12.3. TO THE EXTENT PERMITTED BY LAW, ANY CLAIM OR CAUSE OF ACTION ARISING OUT OF OR RELATED TO ANY SERVICES OR THIS AGREEMENT MUST BE FILED WITHIN ONE YEAR AFTER THAT CLAIM OR CAUSE OF ACTION AROSE OR THAT CLAIM WILL BE FOREVER BARRED.
12.4. NEITHER WE, THE THIRD PARTY SUPPLIERS NOR THEIR RESPECTIVE LICENSORS OR CONTRACTORS WILL BE LIABLE FOR ANY LOST PROFITS, LOSS OF USE, COST OF CURE, OR FOR ANY DIRECT, INDIRECT, INCIDENTAL, SPECIAL OR CONSEQUENTIAL DAMAGES EVEN IF WE HAVE BEEN ADVISED OF THE POSSIBILITY OF THOSE DAMAGES. OUR ENTIRE LIABILITY, AND YOUR EXCLUSIVE REMEDY, IN LAW, IN EQUITY OR OTHERWISE, WITH RESPECT TO ANY SERVICES, OUR NEGLIGENCE AND/OR ITS BREACH OF THIS AGREEMENT, IS LIMITED TO THE AMOUNT YOU PAID FOR THE SERVICES GIVING RISE TO THE CLAIM DURING THE 90 DAYS PRECEEDING THE DATE THE CLAIM AROSE. [TO THE EXTENT THAT A STATE DOES NOT PERMIT THE EXCLUSION OR LIMITATION OF LIABILITY DESCRIBED IN THIS SECTION, OUR LIABILITY IS LIMITED TO THE EXTENT PERMITTED BY LAW IN THOSE STATES.]
12.5. None of the preceding disclaimers, exclusions or limitations will apply to (a) your failure to pay the fees and other charges for the Services, and any attorney fees incurred by us in connection with the collection of those amounts; or (b) amounts paid or payable to unrelated third parties under the Indemnity of this Services Agreement and related defense costs.
13. Indemnity [Go to TOP]
13.1. You will indemnify, defend and hold us harmless, the person providing the Third Party Services and any of their licensors, contractors, agents, employees, officers, directors, shareholders, affiliates and assigns (collectively, the “Company Indemnitees”) from all Indemnified Losses, relating to or arising out of (a) your breach of this Agreement or negligence; (b) a claim by any person providing Third Party Services; (c) the inclusion of any other person’s copyrighted material, trademarks and trademarks in any meta-tags or other elements of a Service; (d) any comments, documents or other content that any persons posts on your website, on your media platform, or on any other public electronic forum associated with you, your goods, services or other services; (e) any internet piracy, account inaccessibility, fraudulent content posting, social network interactions, actions of online users, inaccurate ad serving, and other related issues; (f) any goods, services, information, material or content on your media platform.
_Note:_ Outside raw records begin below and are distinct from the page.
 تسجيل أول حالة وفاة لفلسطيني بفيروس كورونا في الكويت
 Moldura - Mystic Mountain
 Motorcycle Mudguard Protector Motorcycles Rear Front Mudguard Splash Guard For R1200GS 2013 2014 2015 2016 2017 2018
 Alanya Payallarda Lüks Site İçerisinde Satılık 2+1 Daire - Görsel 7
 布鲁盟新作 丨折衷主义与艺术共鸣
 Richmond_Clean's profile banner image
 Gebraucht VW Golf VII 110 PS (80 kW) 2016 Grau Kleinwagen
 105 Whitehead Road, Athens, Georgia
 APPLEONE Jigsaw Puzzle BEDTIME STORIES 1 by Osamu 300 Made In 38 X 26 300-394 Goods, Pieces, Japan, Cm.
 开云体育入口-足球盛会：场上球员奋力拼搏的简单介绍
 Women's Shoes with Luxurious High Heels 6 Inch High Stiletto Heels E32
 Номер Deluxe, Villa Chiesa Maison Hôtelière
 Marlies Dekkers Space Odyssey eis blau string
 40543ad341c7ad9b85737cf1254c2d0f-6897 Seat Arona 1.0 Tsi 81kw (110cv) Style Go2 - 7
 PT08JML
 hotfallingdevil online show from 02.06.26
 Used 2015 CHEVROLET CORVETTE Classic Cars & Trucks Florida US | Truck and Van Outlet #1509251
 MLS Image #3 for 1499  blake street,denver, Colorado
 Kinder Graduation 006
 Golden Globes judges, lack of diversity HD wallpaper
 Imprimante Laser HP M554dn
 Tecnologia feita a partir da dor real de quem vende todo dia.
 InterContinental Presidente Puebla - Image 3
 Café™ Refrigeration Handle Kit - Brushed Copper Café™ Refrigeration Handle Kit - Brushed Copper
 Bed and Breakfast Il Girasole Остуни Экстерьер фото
13.2. You will indemnify, defend and hold us harmless in regards to any of our licensors, contractors, agents, employees, officers, directors, shareholders, affiliates and assigns from all Indemnified Losses, relating to or arising out of any or all changes to media platforms including but not limited to appearance, structure, media platform adjustments and/or modifications, advertising policies, services, removal of business media platforms, social groups, or other business related media platforms for any reason.
13.3. As a condition to receiving the protections described above, the person entitled to those protections (the “Indemnitee”) must (a) provide the party obligated to provide those protections (the “Indemnitor”) prompt notice of any claim that might give rise to an Indemnified Loss (except that failure to give prompt notice will not limit, impair or otherwise affect the Indemnitee’s rights unless the Indemnitor is prejudiced by that failure, and then only to the extent of the prejudice); and (b) give the Indemnitor full and complete authority (including settlement authority), information and assistance for the defense of that claim; and neither party will settle any such claim without the other party’s prior written consent except that the Indemnitor may enter into a settlement agreement as long as it includes a full and final release of all claims against the Indemnitee, does not admit fault or liability by the Indemnitee and does not impose any continuing obligations on the Indemnitee.
14. Headings [Go to TOP]
The descriptive headings of the paragraphs of this Agreement are inserted for convenience only and shall not affect in any way the interpretation of this Agreement.